Logistics consultants from Bolloré Africa Logistics highlighted the latent advantage of the deep-water port of Pointe-Noire, which already handles bagged cement exports to Angola. A planned bulk terminal, awaiting final investment decision, could halve loading time and extend reach to West African construction hubs like Abidjan.

Demand projections are auspicious. The African Development Bank’s 2024 Infrastructure Outlook foresees urbanisation pushing cement consumption in Central Africa from 14 million tonnes to 23 million by 2031. Forum participants argued that meeting a slice of that curve could stabilize Congo’s foreign-exchange reserves and diversify revenue beyond hydrocarbons.

Environmental stewardship under scrutiny

Still, the environmental ledger could determine investor appetite. Cement accounts for about seven percent of global CO₂ emissions, and Congo signed the COP26 declaration on near-zero emission steel and cement. Representatives from the World Bank’s Climate Investment Funds encouraged adoption of blended cements using laterite and volcanic pozzolana.

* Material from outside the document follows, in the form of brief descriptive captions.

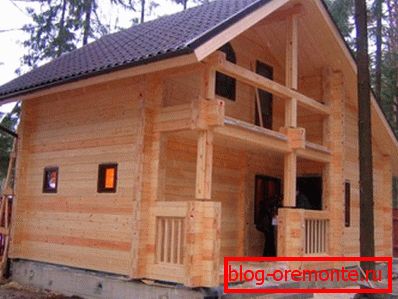 Un exemple d'une belle maison en rondins profilés Un exemple d'une belle maison en rondins profilés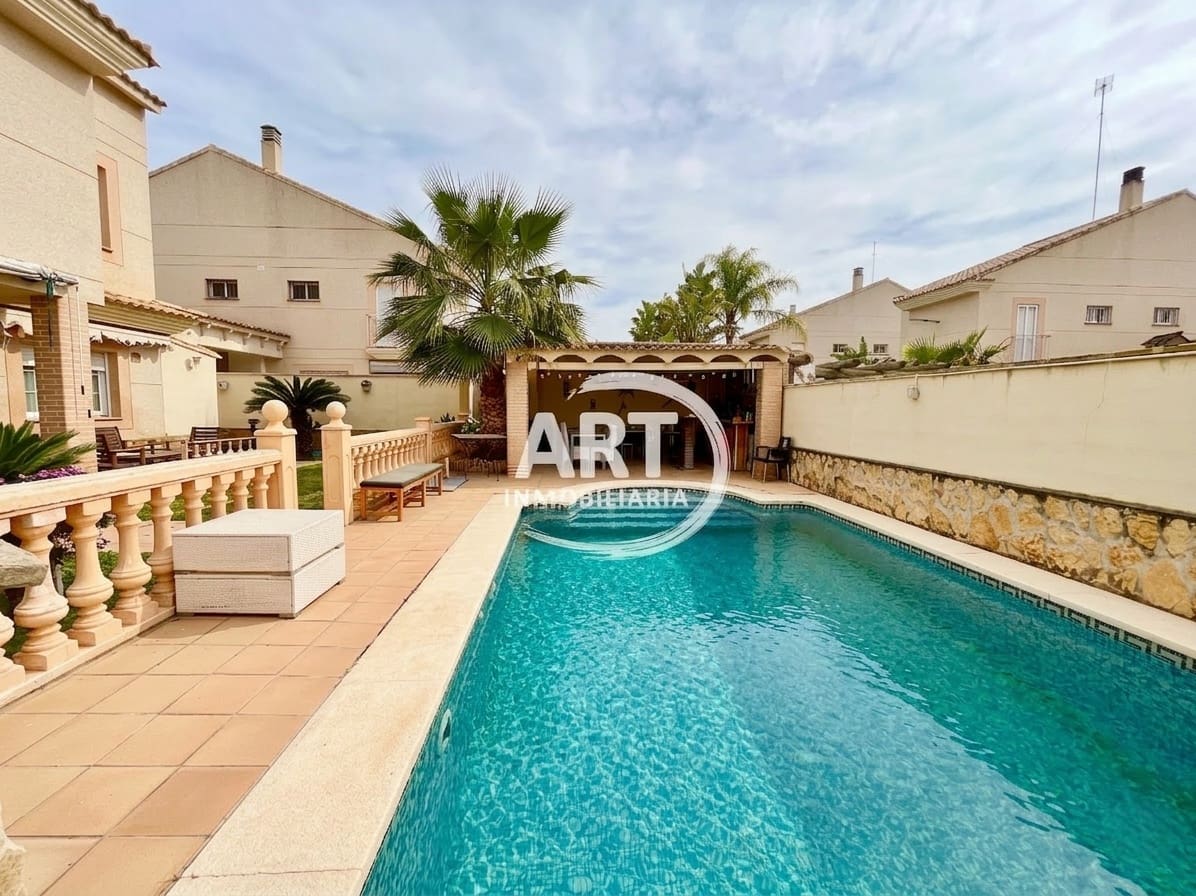 4 bedroom Villa for sale in L'Eliana with pool garage - € 550,000 (Ref: 9669930)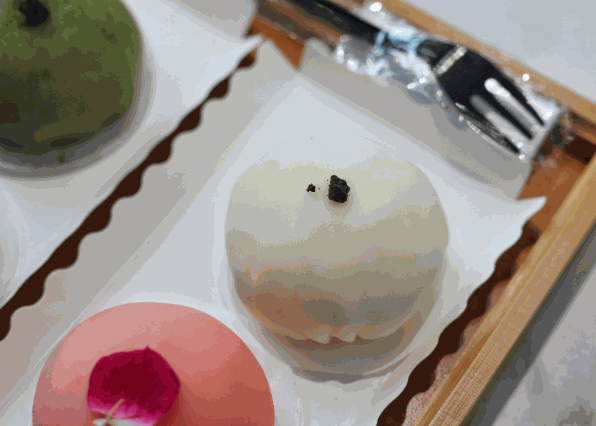 青桔和木魚糕點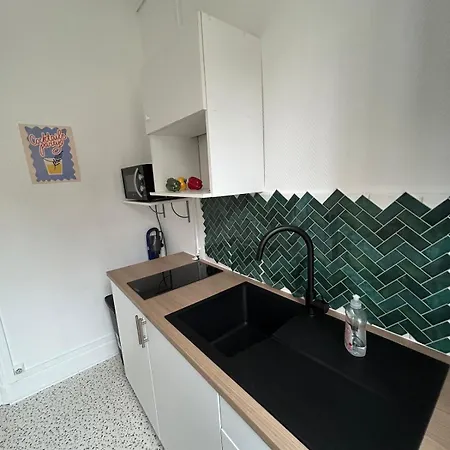 Le Blandan Chic Proche Thermal Apartment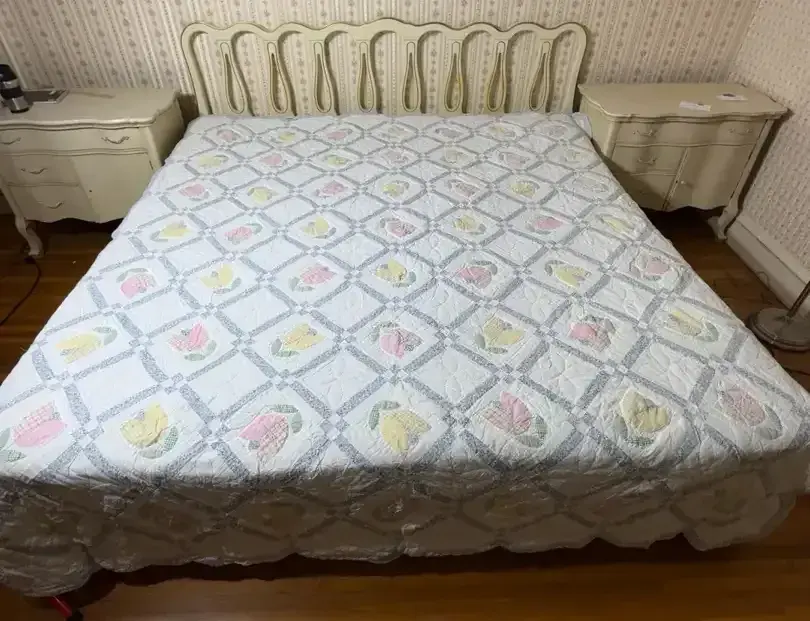 Patchwork Quilt With Pink And Yellow Tulips 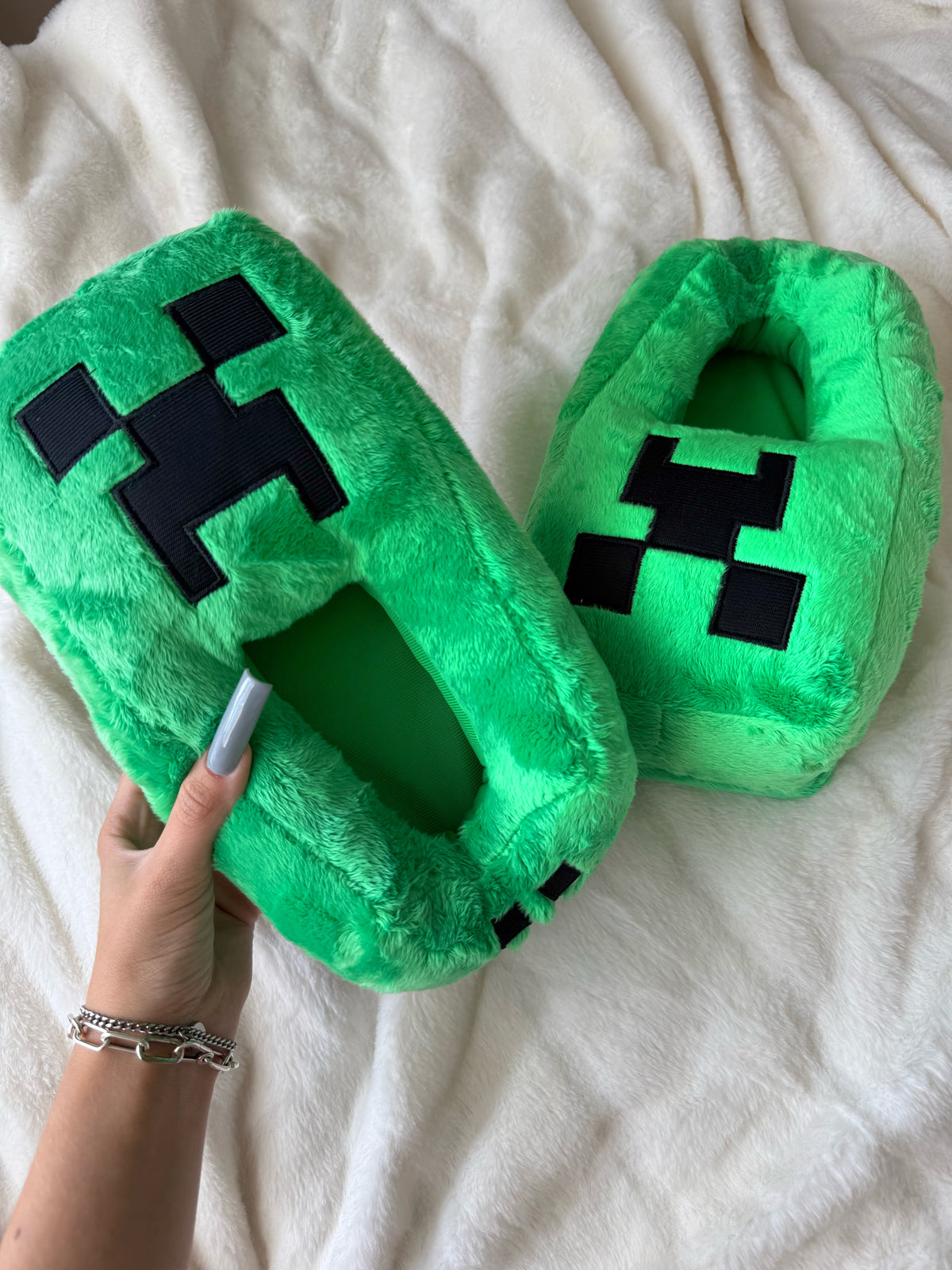 Minecraft Slippers 🌳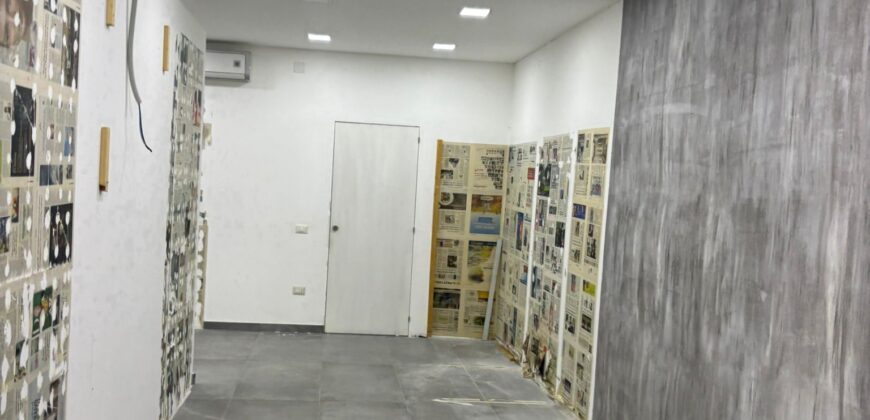 LOCALE COMMERCIALE 350 MQ Varcaturo-Via Ripuaria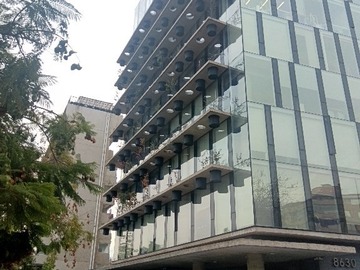 Oficina en venta en Metro Los Dominicos / Av Los Dominicos, Las Condes - 2 baños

Senior engineer Gautier Mabanza of Société Nationale de Pétroles du Congo, which supplies waste heat for kiln drying in Hinda, detailed pilot results showing a 12 percent cut in fuel consumption. He argued that scaling such industrial symbiosis could help plants qualify for carbon-credit finance under Article 6 mechanisms.

Civil society voices insisted on transparency. A coalition of local NGOs, Rénovons le Climat, requested online disclosure of stack emission data similar to dashboards operated in South Africa. Ministry officials promised to evaluate the proposal, noting that real-time monitoring equipment has already been procured for the Mindouli facility.

Financing and governance roadmap

Beyond technical matters, delegates drilled into financing. The Development Bank of Central African States signalled readiness to extend a 150-million-dollar line of credit for kiln modernisation, contingent on audited governance. Moody’s analysts attending virtually said predictable royalty regimes remain “the single biggest comfort factor” for international lenders.

The forum’s draft communiqué lists nine priority actions: updating the 2003 mining code for limestone, digitising permit issuance, accelerating rail maintenance, finalising the Pointe-Noire bulk terminal, launching a vocational centre, adopting blended-cement standards, installing emission monitors, creating an industry observatory and establishing a public-private oversight council.

Observers expect the final roadmap to reach cabinet within four weeks. Its approval could anchor the next tranche of foreign direct investment flagged by multinational producers scouting Central Africa. In the words of economist Mouanza, “The debate is no longer about potential, but about execution that benefits every Congolese.”

Momentum and international perception

Analysts see the Pointe-Noire project as emblematic of Africa’s drive to capture more value locally and climb infrastructure resilience indices.